Danıştay Başkanlar Kurulu, Danıştay 2. Dairesi’nin kararının ardından yapılan açıklamalar ve eleştirileri değerlendirmek üzere Danıştay Başkanı Ender Çetinkaya’nın başkanlığında toplandı.
Toplantının ardından “Kamuoyuna Duyuru” başlığı ile Danıştay Başkanlığı adına iki sayfalık yazılı açıklama yapıldı.
Danıştay açıklaması hakkında Bakanlar Kurulu toplantısının ardından basına açıklama yapan Hükümet Sözcüsü Cemil Çiçek, “kamusal alan tabiri bir hukuk tabiri değil, daha çok ideolojik ve sosyolojik bir tabirdir. Bu safhada söyleyebileceğim bu kadar” dedi.
Danıştay’ın yaptığı açıklama şöyle;
Birkaç gündür yapılan açıklamalar, kesinleşmiş yargı kararının irdelenmesi veya eleştirilmesi sınırlarını kat kat aşan, yargıyı siyasi bir rakipmiş gibi algılayan, ve adeta yargı ile yürütmeyi karşı karşıya getirmeyi hedefleyen; demokratik ve laik bir hukuk devleti olan Türkiye Cumhuriyetinde bugüne kadar alışılmamış, talihsiz açıklamalardır.

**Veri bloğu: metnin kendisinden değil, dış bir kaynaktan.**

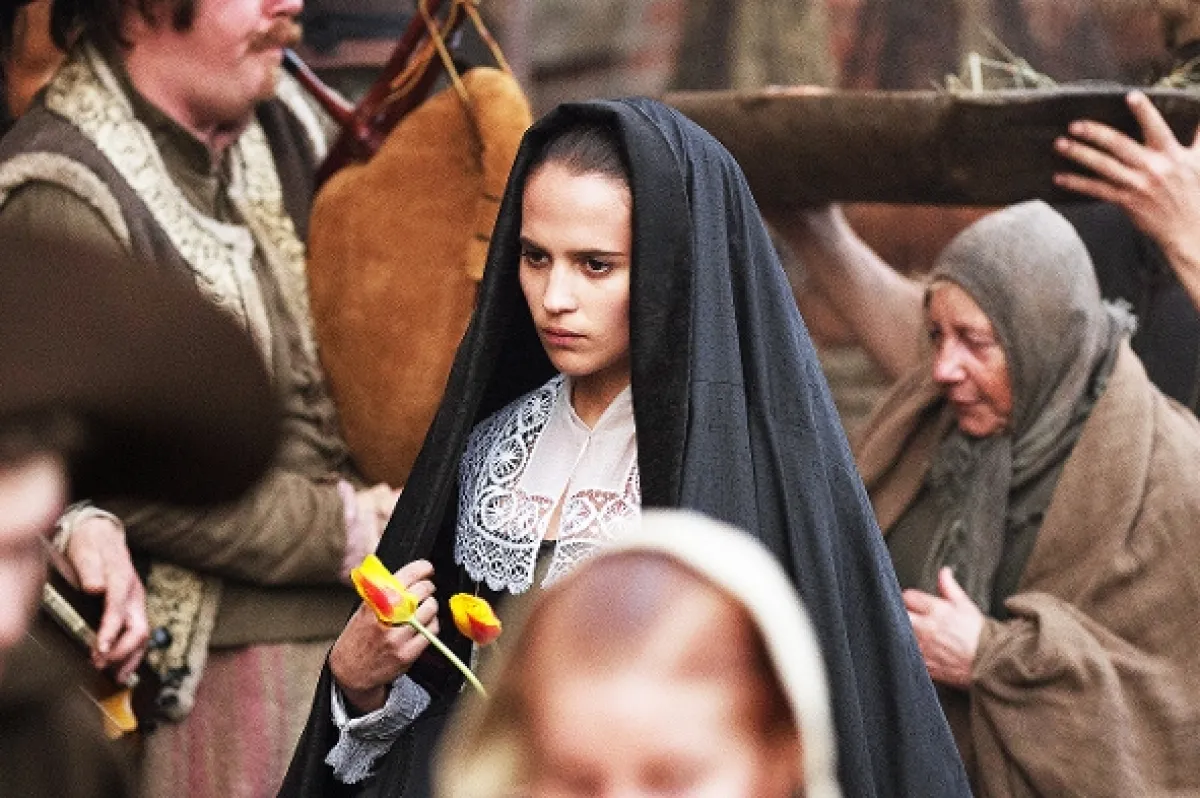 Tulipánová horúčka (Tulip Fever), 2017 - fotogaléria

Türkiye Cumhuriyeti Anayasasının 8. maddesi, yürütme yetkisi ve görevinin Anayasaya ve kanunlara uygun olarak kullanılacağını ve yerine getirileceğini belirlerken, 9. maddesinde yargı yetkisinin Türk Milleti adına bağımsız mahkemelerce kullanılacağını hüküm altına almaktadır.
Anayasa, Türkiye Büyük Millet Meclisi üyelerinin yasama dokunulmazlığını 83. maddesinde Anayasal güvence altına alarak; Milletvekillerini Meclis çalışmalarındaki oy ve sözlerinden, Mecliste ileri sürdükleri düşüncelerden ve Meclisce başka bir karar alınmadıkça, bunları Meclis dışında tekrarlamak ve açığa vurmaktan sorumlu tutmaz iken; bu duruma 138. madde ile yine anayasal bir istisna getirmekte ve görülmekte olan bir dava hakkında, Yasama Meclisinde yargı yetkisinin kullanılması ile ilgili soru sorulamayacağı, görüşme yapılamayacağı veya herhangi bir beyanda bulunulamayacağını hükme bağlamaktadır.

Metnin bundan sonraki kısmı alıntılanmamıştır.